Brief: Each line from the first entry to the line with "garlic illustration png", both included, is to be returned unchanged, with any pictures dropped.

Extracted records:
[Start of Attachment]
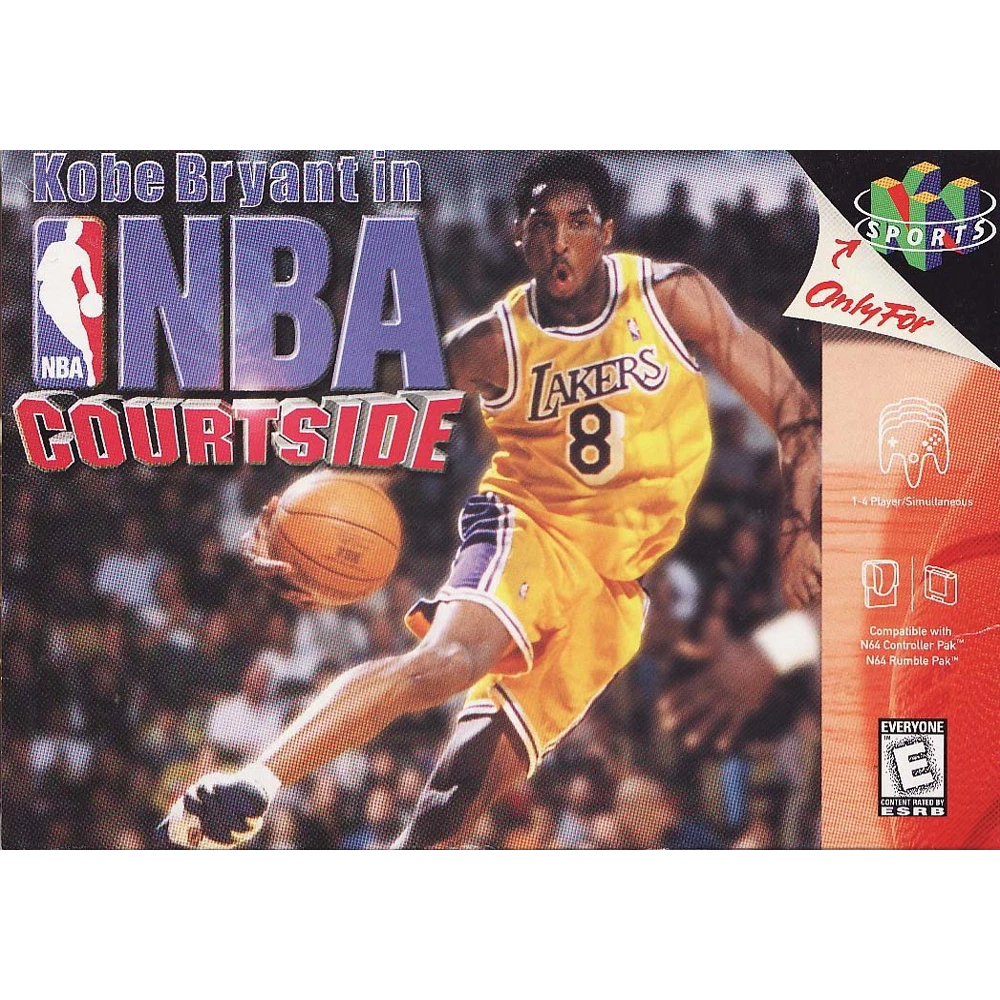 Nintendo 64 N64 Kobe Bryant in NBA Courtside GAME CARTRIDGE ONLY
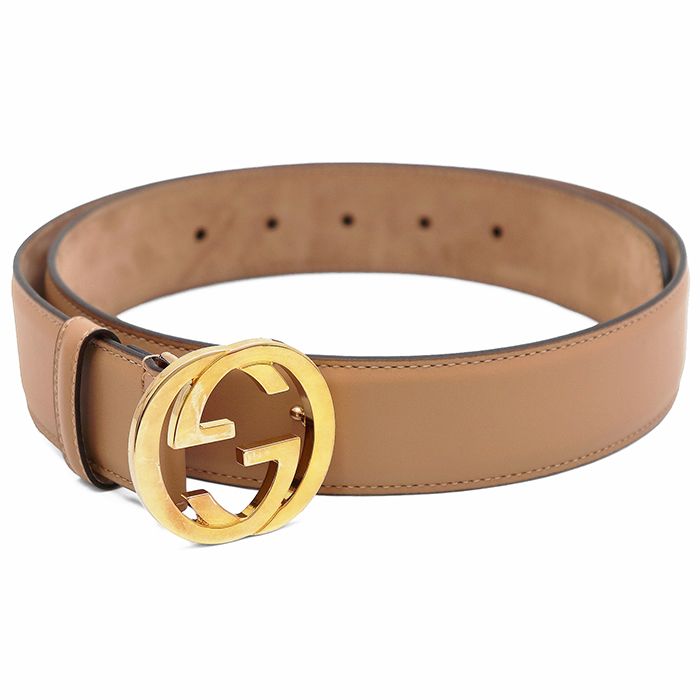 GUCCI ブラウンレザーベルト Gロゴバックル 85/34 SALE】GUCCI グッチ レザーベルト サイズ 85・34 メンズ レディース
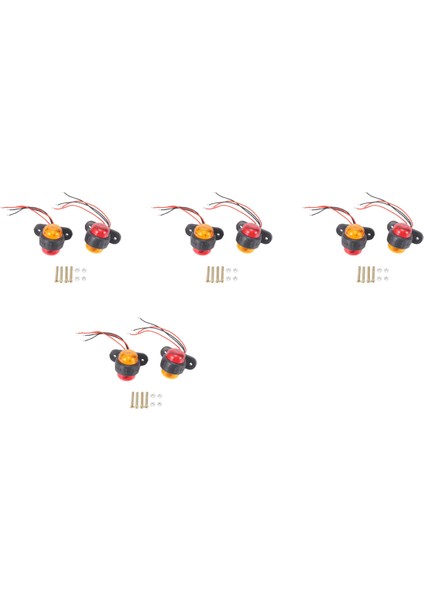 8 Adet Kamyon Römork LED Lambalar 24V Araba Yan Ikaz Işıkları Uyarı Sinyali Yan Ikaz Işığı (Yurt Dışından)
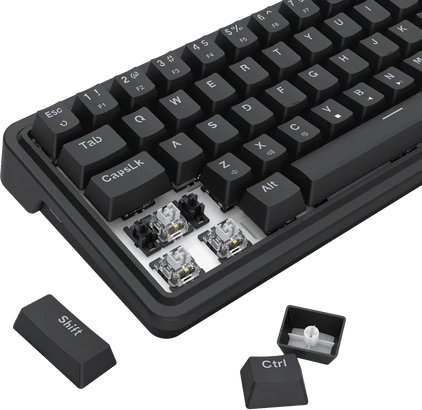 Tastierë mekanike Nova K709, 65%, RGB, e zezë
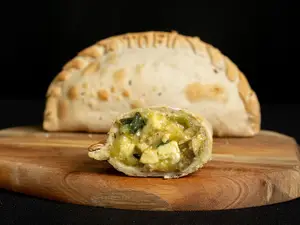 Empanada de tofu y mostaza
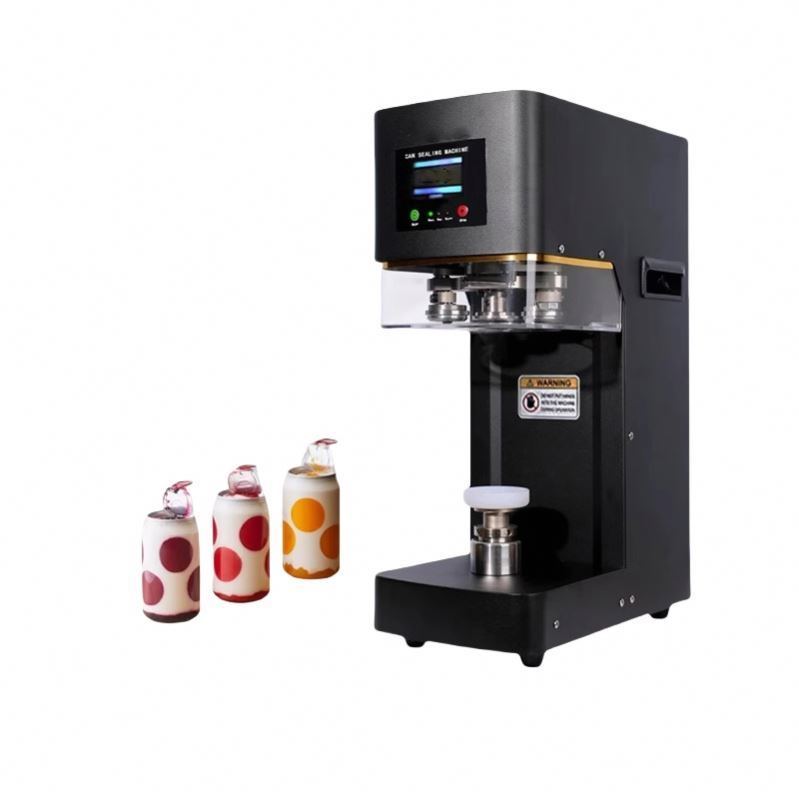 Fully Semi Automatic Can Seaming Machine Pet Tuna Can Sealer Soda Pop Canning Machine Plastic Can Sealing Machine China Factory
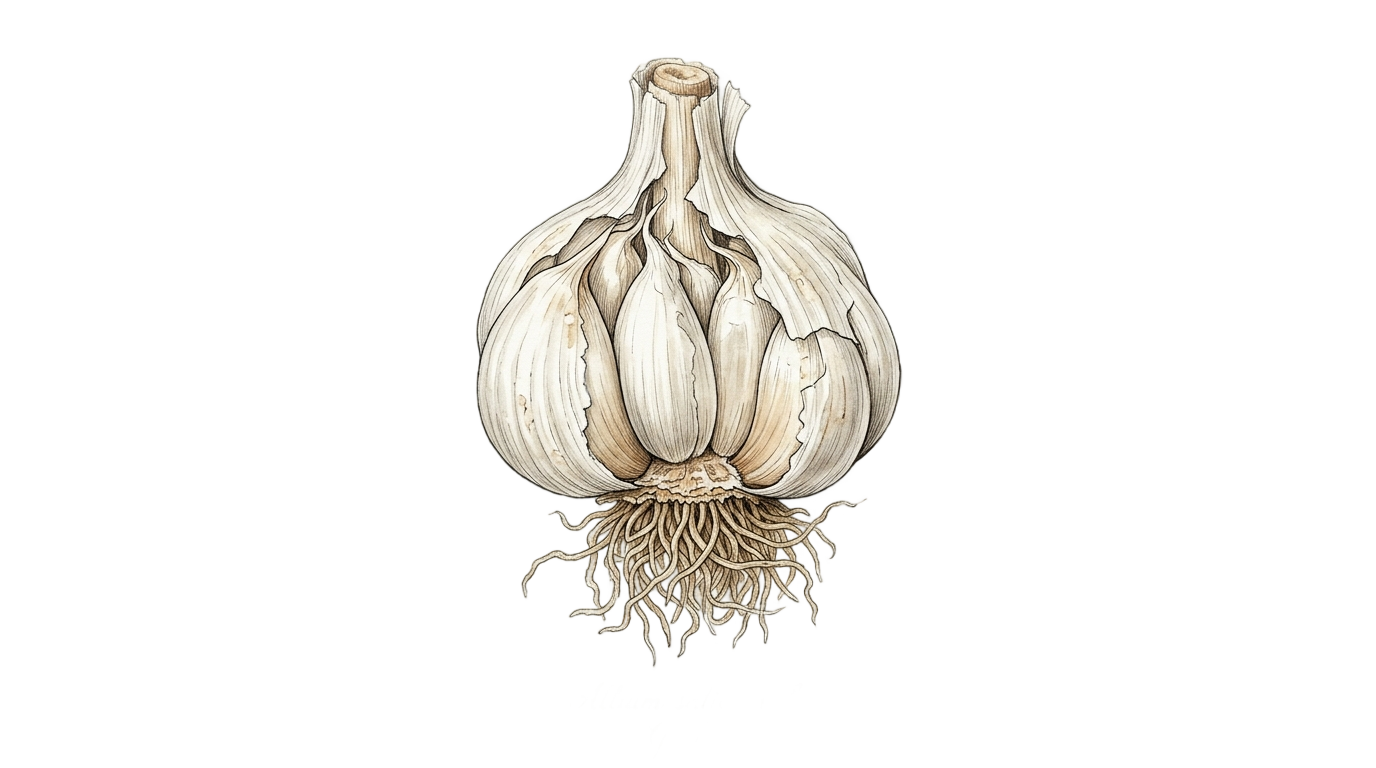 garlic illustration png PNG transparent background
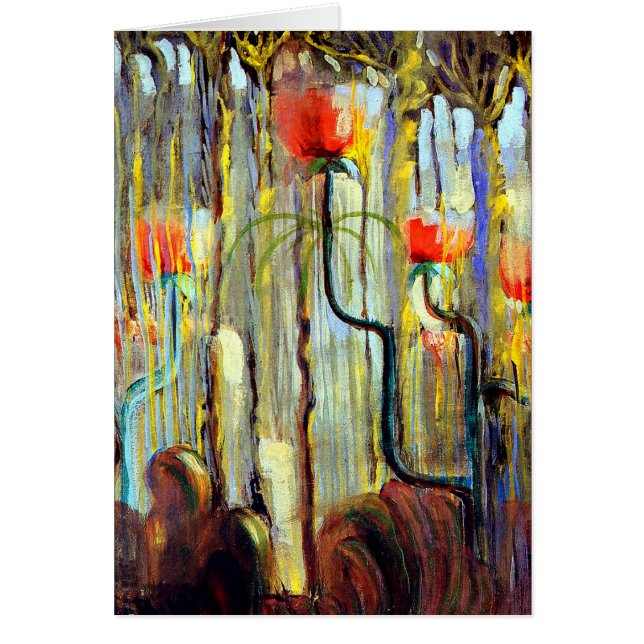 Cartão Ciurlionis - Criação do Mundo IX (Frente)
[End of Attachment]
Expected answer:
 Nintendo 64 N64 Kobe Bryant in NBA Courtside GAME CARTRIDGE ONLY
 GUCCI ブラウンレザーベルト Gロゴバックル 85/34 SALE】GUCCI グッチ レザーベルト サイズ 85・34 メンズ レディース
 8 Adet Kamyon Römork LED Lambalar 24V Araba Yan Ikaz Işıkları Uyarı Sinyali Yan Ikaz Işığı (Yurt Dışından)
 Tastierë mekanike Nova K709, 65%, RGB, e zezë
 Empanada de tofu y mostaza
 Fully Semi Automatic Can Seaming Machine Pet Tuna Can Sealer Soda Pop Canning Machine Plastic Can Sealing Machine China Factory
 garlic illustration png PNG transparent background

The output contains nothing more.